Understanding the different cultural, historical, and socio-economic contexts in which Christians live and God acts is critical to developing a full understanding of God and his Kingdom. Too often voices from these diverse contexts are suppressed or excluded in favor of voices from the dominant culture. But God is not limited by context. He is faithful in every circumstance, and by reading Plain Theology for Plain People, we receive a glimpse into late-nineteenth-century black life, rooted in Scripture and divine wisdom.
Racial diversity in the church is a critically important concern today, just as it was 100 years ago, and will be 100 years from now. The work of Charles Octavius Boothe provides us with an opportunity to engage with a historically muted perspective. Plain Theology for Plain People may be over 100 years old, but it is no less important today than when it was first published.
The following is an excerpt from Walter R. Strickland II’s introduction to Plain Theology for Plain People.
Why revive Plain Theology for Plain People?
Plain Theology for Plain People destroys reductionist stereotypes of black faith. Many are unfamiliar with the African American theological heritage because of its limited corpus. Black Christianity is largely an oral tradition, and its written resources have been obscured by racial bias. Today, as in Boothe’s time, many tend to caricature black Christian faith as merely “religious feeling and fervor.”
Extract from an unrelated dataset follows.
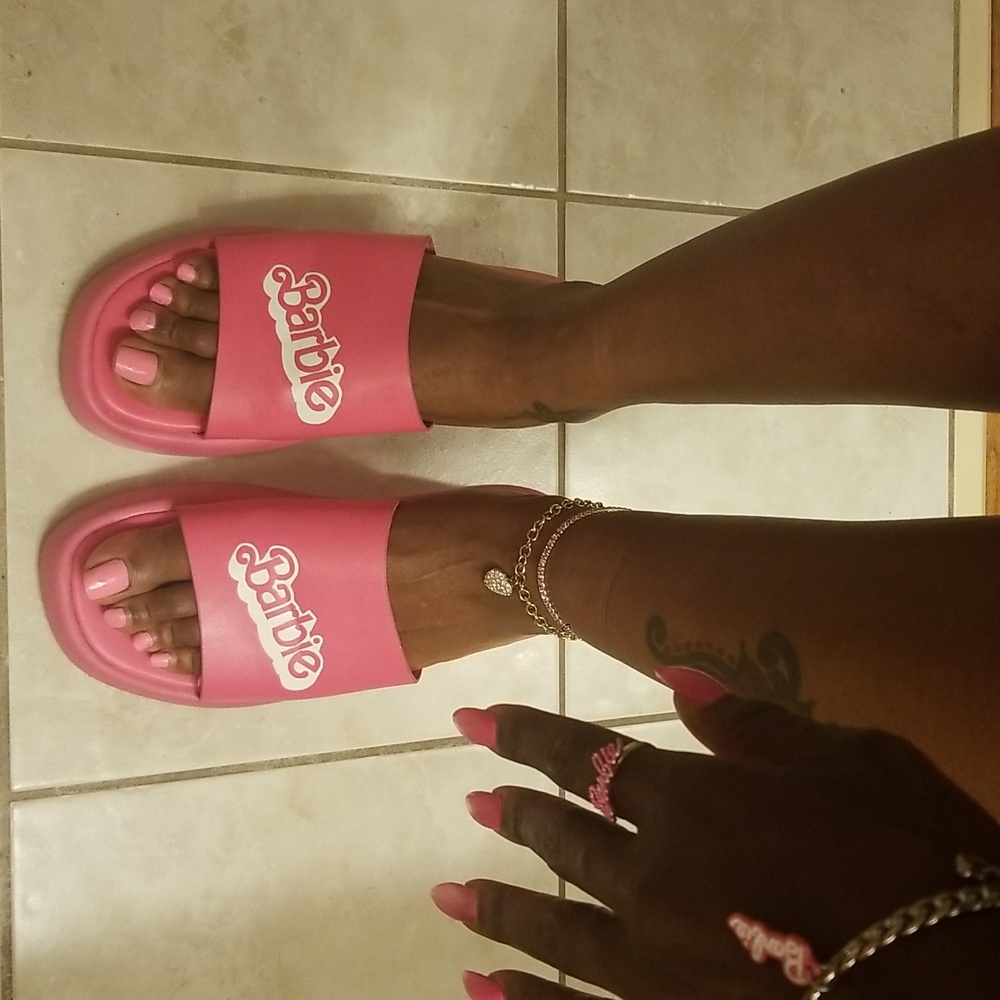Like New Barbie Slides *Labor Day Special* - Picture 3 of 9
Plain Theology for Plain People shows black evangelicals that they belong in the broad evangelical tradition. Many thoughtful black Christians—often educated in evangelical universities and seminaries—have an enduring sense of homelessness in the evangelical tradition. Their ancestors are seldom, if ever, included as contributors to Evangelicalism. Boothe offers a window into an underexplored vista of theological expression. Black evangelicals have equal claim to the evangelical tradition—even though evangelicals have historically muted their voice.
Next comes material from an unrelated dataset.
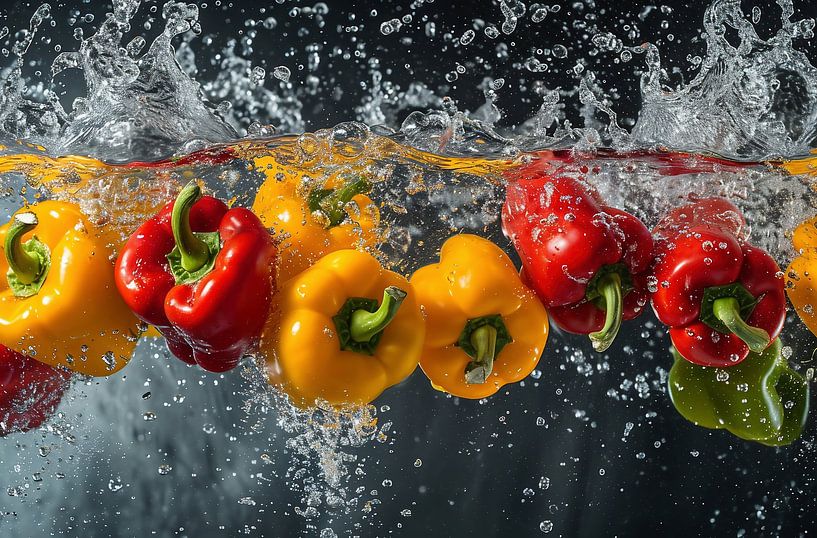Esthetiek in de keuken van fernlichtsicht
Plain Theology for Plain People requires evangelicals to engage non-white theological voices. Because evangelical biblical and theological studies have excluded the voices of racial minorities, evangelical theology is shaped by the concerns of the dominant culture. Unfortunately, white evangelicals only hear minority evangelicals’ theology if it echoes white evangelical voices.
Unity in Christ demands an openness to collaboration and to mutual sharpening in the theological task. Evangelicals often presume that the task of theology is merely to comprehend God. But the goal of theology is wisdom—a lived demonstration of knowing God. God, not context, has ultimate authority, and yet wisdom demands understanding the context in which Christians live and God works.
Christians need Christians from different cultural, historical, and socioeconomic contexts to develop wisdom. Boothe grappled with God’s relation to late-nineteenth-century black life—including economic disenfranchisement, lynching terror, and legal segregation. Chronological and cultural distance allows readers today to see how Boothe embodied divine wisdom in his context. As a result, believers are encouraged by God’s actions in the past: the Lord God is faithful in every circumstance.
Plain Theology for Plain People exemplifies how the Bible informs Christian doctrine. Systematic theologians continually fight the temptation to conform Scripture to a theological system (be it Reformed Theology, Liberation Theology, or Neo-Orthodox Theology). While every theological paradigm ought to be based on Scripture, not every verse fits neatly into a system. With his audience in mind, Boothe reinforces the sufficiency of Scripture by giving an organized account of how Scripture informs Christian doctrine. Through his biblical centrality Boothe circumvents the theological skirmishes of the academy. Like Boothe, theologians today must make the lofty ideas of theology plain to common Christians.